L’histoire Lewinsky-Clinton a déjà été racontée, évidemment. D’abord, en scoop, par le Drudge Report sur un web encore bien jeune, puis à travers les médias traditionnels. Mais la version la plus mémorable demeure celle de Monica Lewinsky, comme elle l’a racontée à la grande journaliste Barbara Walters, en 1999. C’est plus de 70 millions d’Américains qui ont regardé, au moins en partie, l’interview de deux heures. De ce côté de la frontière, nous avons été 3,4 millions à voir Lewinsky décrire sa liaison avec le président.

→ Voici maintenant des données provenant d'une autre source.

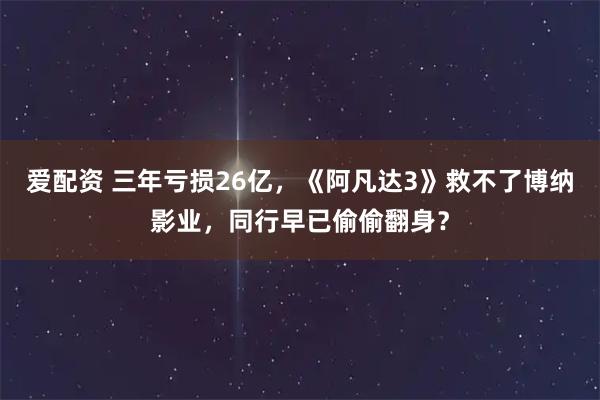 爱配资 三年亏损26亿，《阿凡达3》救不了博纳影业，同行早已偷偷翻身？
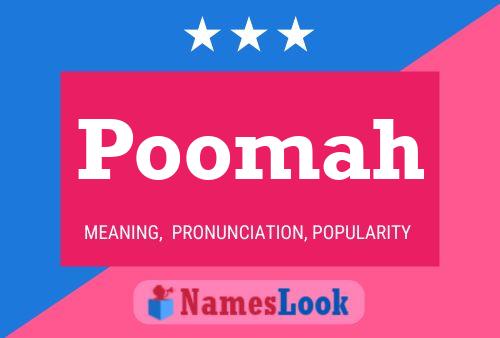 Poomah Namensposter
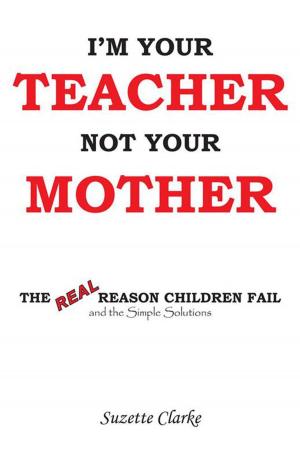Cover of the book I'm Your Teacher Not Your Mother by Melissa F. McClain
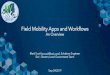 Field Mobility Apps and Workflows · Esri –Boston, Local Government Team Sep-24-2019. Agenda ... Taking GIS Beyond the Office. Common Use Cases ... Supporting Decision Making at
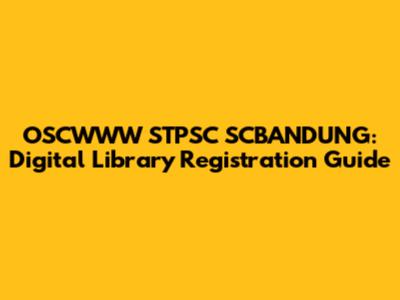 OSCWWW STPSC SCBANDUNG: Digital Library Registration Guide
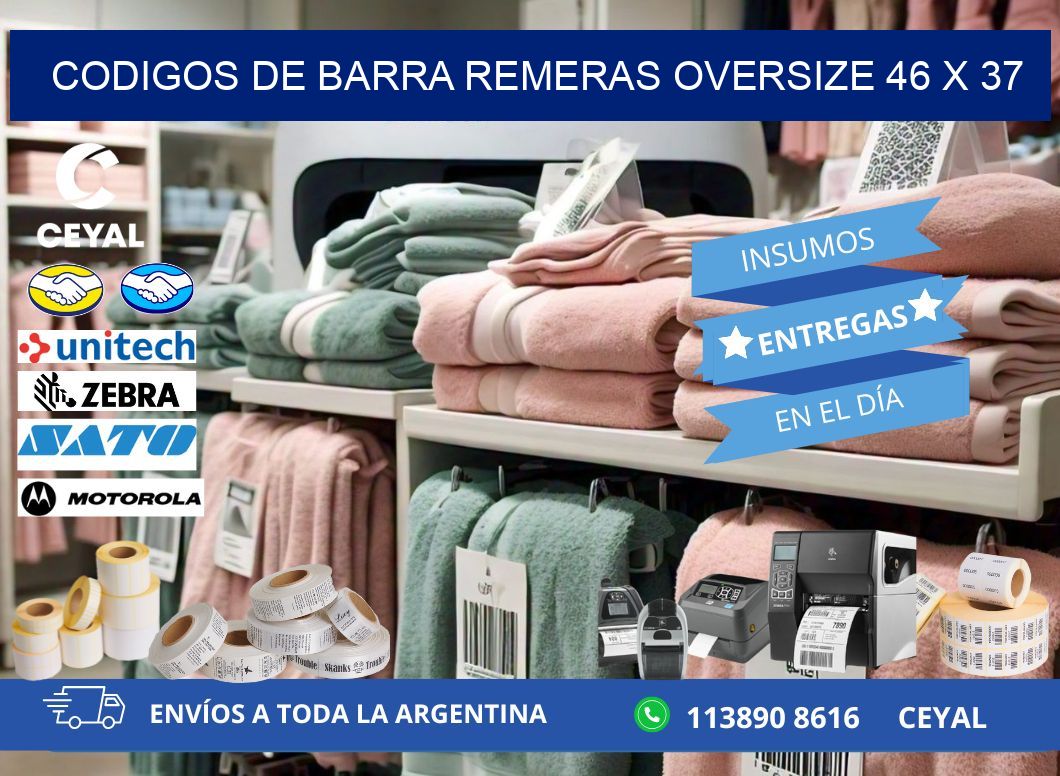 CODIGOS DE BARRA REMERAS OVERSIZE 46 x 37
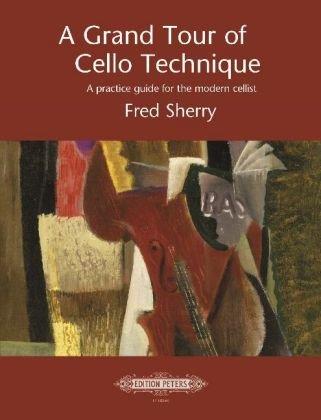 A Grand Tour of Cello Technique (englisch) - A practice guide for the modern cellist Sherry Fred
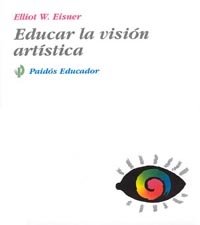 Educar la visión artística - Elliot W. Eisner - Tapa blanda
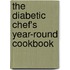 The Diabetic Chef's Year-Round Cookbook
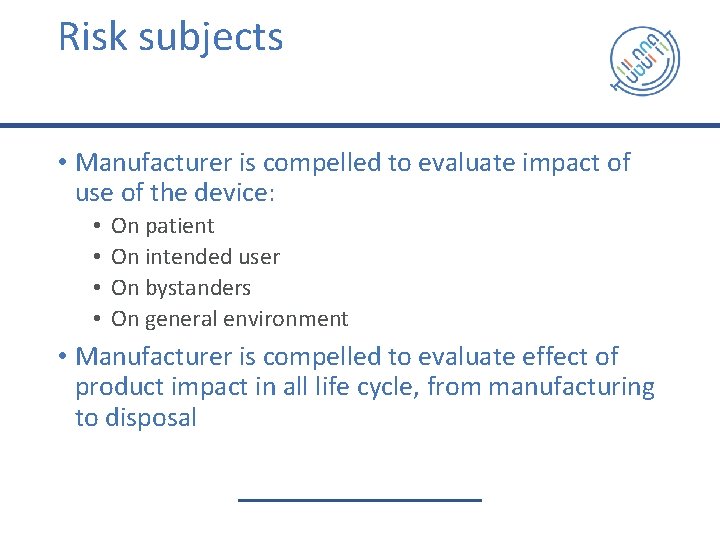 Risk subjects • Manufacturer is compelled to evaluate impact of use of the device:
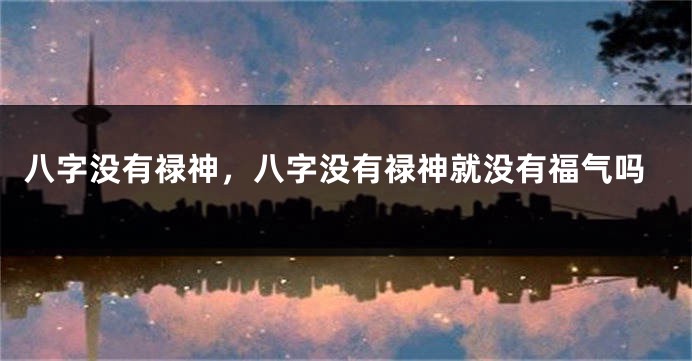 八字没有禄神，八字没有禄神就没有福气吗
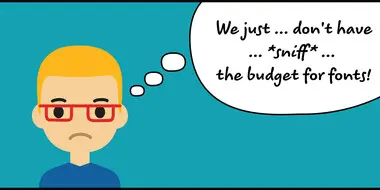 budget for fonts Sad designer thinking we just don't have the budget for fonts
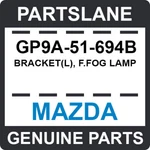 GP9A-51-694B Mazda Oem Genuine Bracket(l), F.fog Lamp. Fixed Price $23.60.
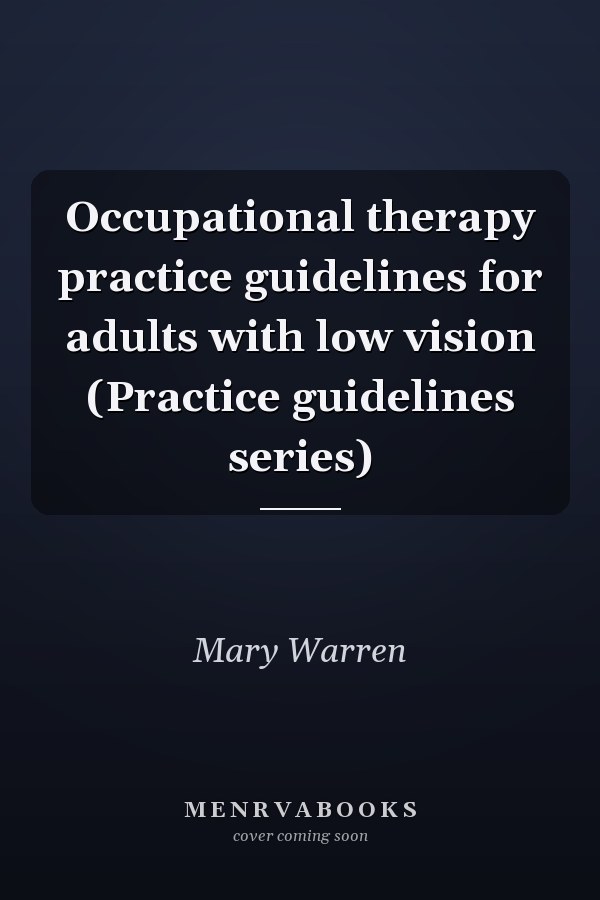 Occupational therapy practice guidelines for adults with low vision (Practice guidelines series)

PHOTO DAMON WINTER, ARCHIVES THE NEW YORK TIMES

Monica Lewinsky en 2015

Mais les jeux étaient faits, avant même que la première question ne soit posée. Nous avions déjà été exposés à près d’un an de détails crus, d’éditoriaux méprisants et de blagues cruelles dans les émissions de fin de soirées. L’image de Monica Lewinsky était celle d’une garce au comportement indigne. Son entretien avec Barbara Walters n’a pas vraiment changé notre perception de celle qui, à l’époque, n’avait que 26 ans et était insécure et insuffisamment conseillée. Loin de ce qui aurait dû être un pas de deux, Walters a dominé l’échange avec des questions parfois dégradantes et souvent gênantes. Il est impossible de revoir cette entrevue aujourd’hui sans grincer des dents.

Dans What’s Free ?, son premier tube après une courte incarcération, l’artiste Meek Mill rappe ceci : « Libre, c’est quand on ne nous dicte pas ce qu’on doit être. Être libre, c’est quand la télévision ne contrôle pas ce que l’on voit. »

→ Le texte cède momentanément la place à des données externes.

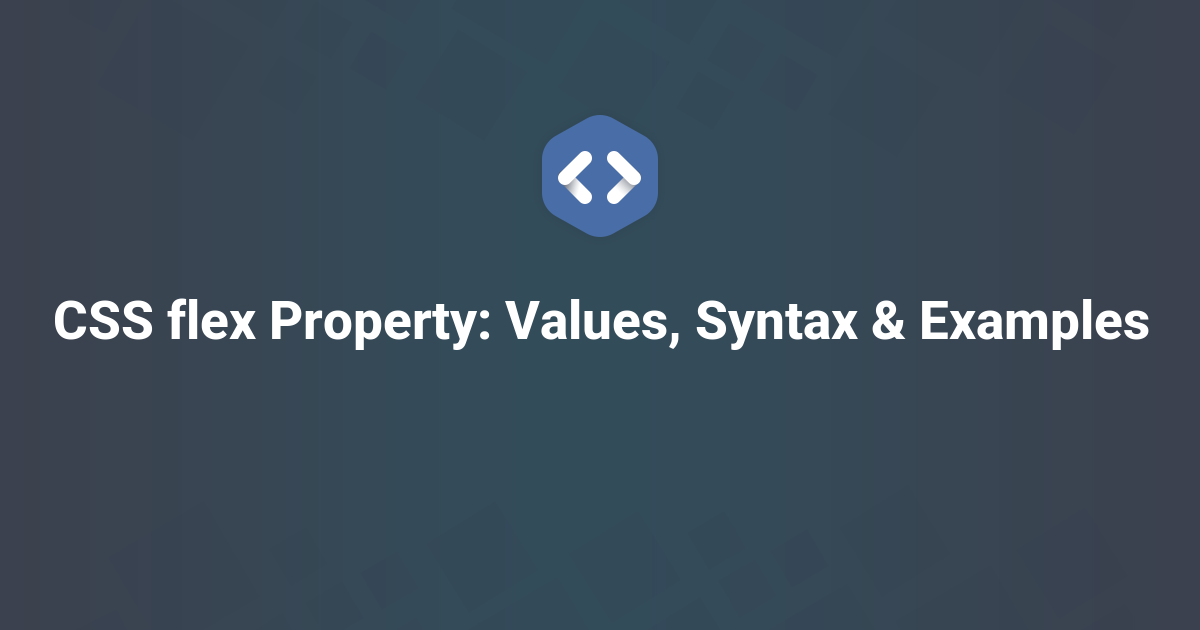 CSS flex Property: Values, Syntax & Examples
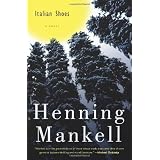 Italian Shoes: A Novelby Henning Mankell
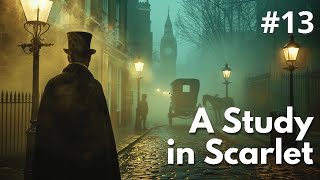 Ch13 A Study in Scarlet  Sherlock Holmes  Classic Detective Audiobook by The Classic Storyteller [upl. by Ynohtnakram172]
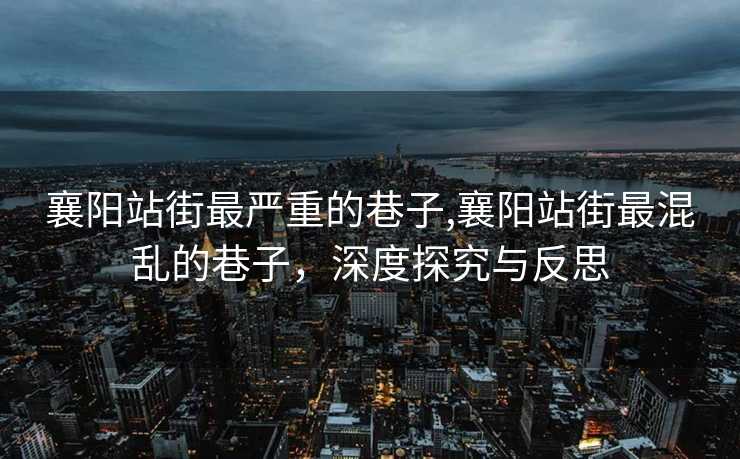 襄阳站街最严重的巷子,襄阳站街最混乱的巷子，深度探究与反思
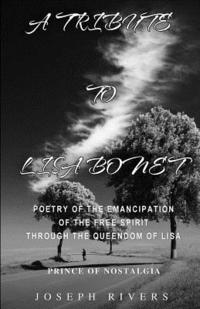 bokomslag A Tribute to Lisa Bonet: Poetry of the Emancipation of the Free-Spirit Through the Queendom of Lisa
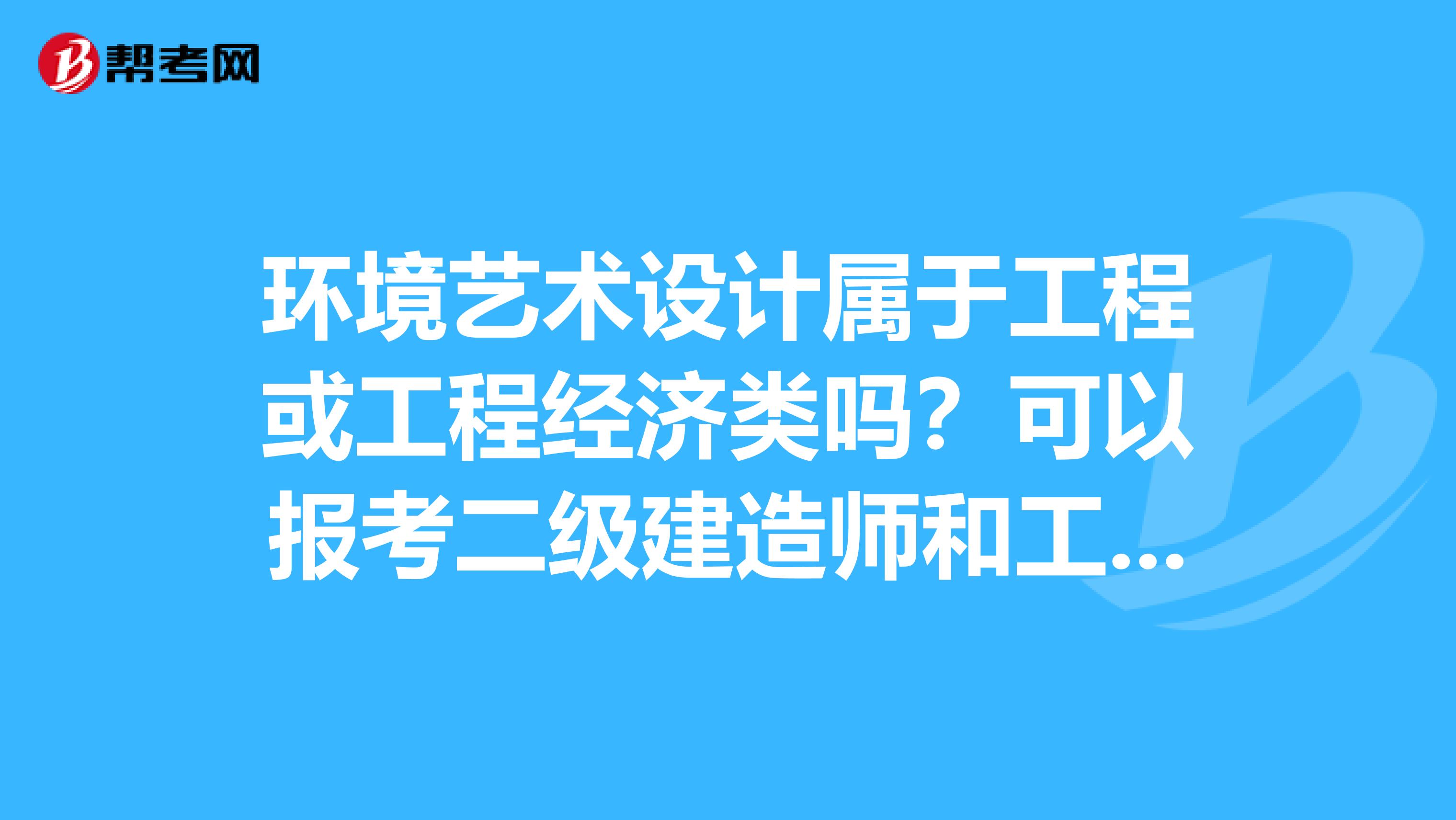 环境艺术设计属于工程或工程经济类吗？可以报考二级建造师和工程师证吗？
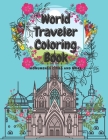 World Traveler Coloring Book: Creative Haven Cities and More Historic Worlds Monuments By Rose Gold Cover Image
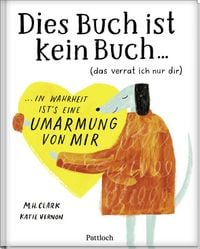 Produktbild: DIES BUCH IST KEIN BUCH (das verrat ich nur dir). In Wahrheit ist's eine UMARMUNG von mir!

Pendant des années après le scandale, Monica Lewinsky était encore emprisonnée par la honte et l’humiliation parce qu’elle ne pouvait pas se défaire de cette image, injustement infâme, qui lui collait à la peau et que nous lui avions imposée.

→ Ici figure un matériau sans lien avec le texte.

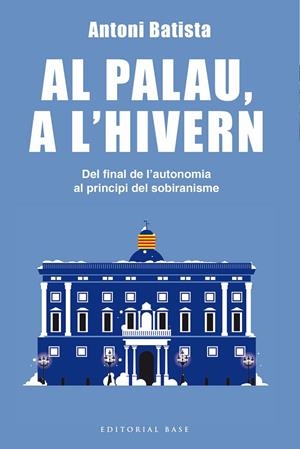 AL PALAU, A L'HIVERN. DEL FINAL DE L'AUTONOMIA AL PRINCIPI DEL SOBIRANISME | 9788416587995 | BATISTA, ANTONI | Galatea Llibres | Librería online de Reus, Tarragona | Comprar libros en catalán y castellano online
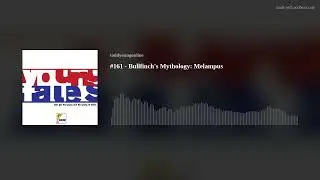#161 - Bullfinch's Mythology: Melampus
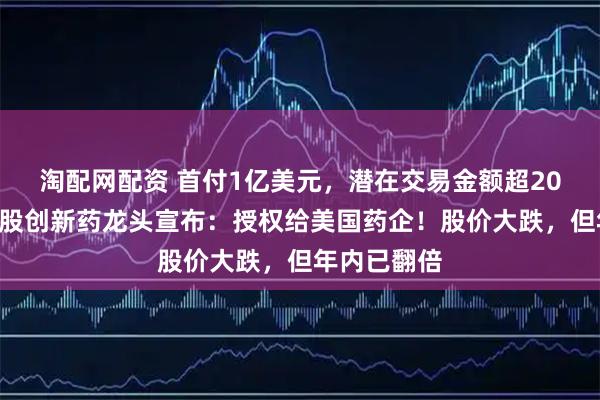 淘配网配资 首付1亿美元，潜在交易金额超20亿美元，A股创新药龙头宣布：授权给美国药企！股价大跌，但年内已翻倍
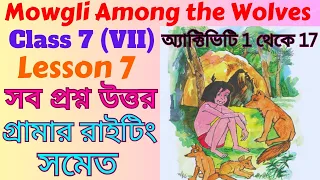 Mowgli Among the Wolves Questions Answers। Class 7 Lesson 7 Mowgli Among the Wolves Activity Solved।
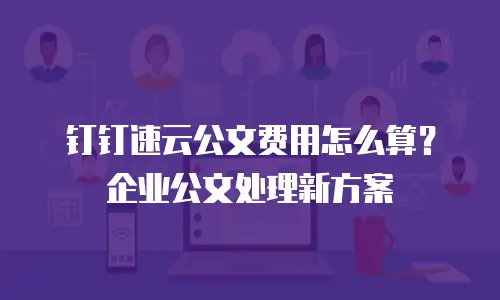 钉钉速云公文费用怎么算？企业公文处理新方案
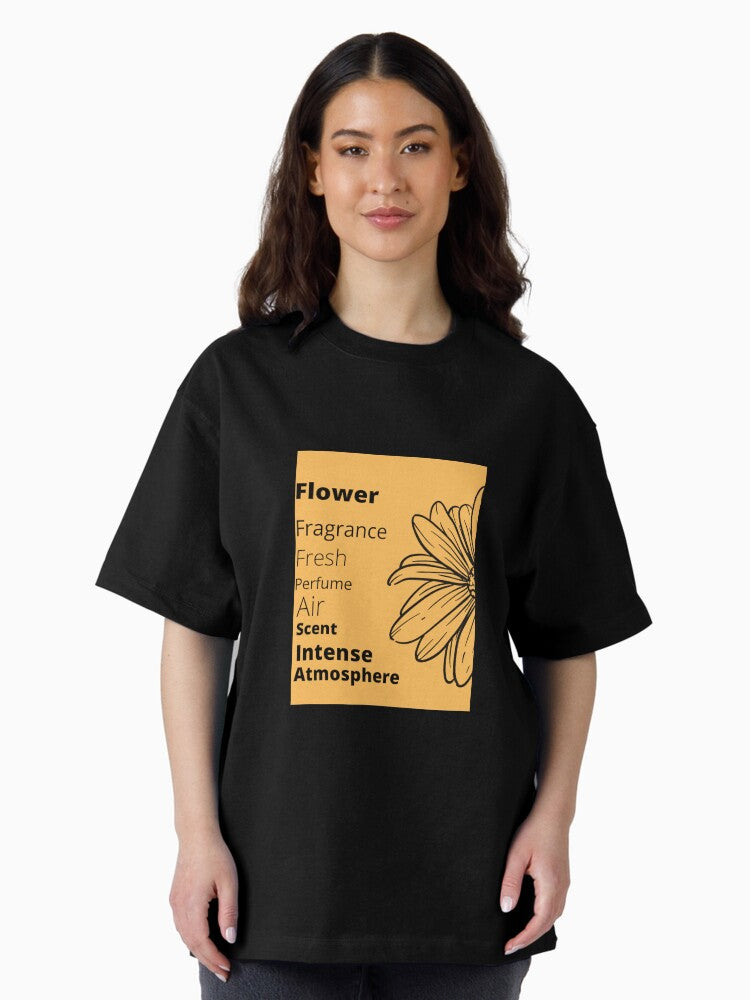 Flower quotes graphic design, Oversized T-Shirt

À son retour aux États-Unis après un séjour à Londres – où elle a décroché une maîtrise à la prestigieuse London School of Economics –, Lewinsky était incapable de trouver du boulot. Considérée comme radioactive pour les entreprises et les marques, Monica Lewinsky traînait encore le boulet de la honte. En 2015, elle en a fait un TED talk, vu aujourd’hui par plus de 11 millions de personnes sur YouTube. Ont suivi des conférences, une arrivée sur Twitter remarquée, un essai qu’elle signera dans le Vanity Fair et qui fut largement partagé sur les réseaux sociaux, une participation dans un documentaire soulignant le 20e anniversaire du scandale en 2018, puis quelques entrevues. Le tout avec recul, confiance et maturité, contribuant à un début de changement de narratif. Et alors que le militantisme anti-cyberintimidation de Monica Lewinsky était en plein essor, nous avons assisté à l’envolée de #moiaussi. Un mouvement qui a accéléré le changement de certains de nos mœurs et de nos perceptions.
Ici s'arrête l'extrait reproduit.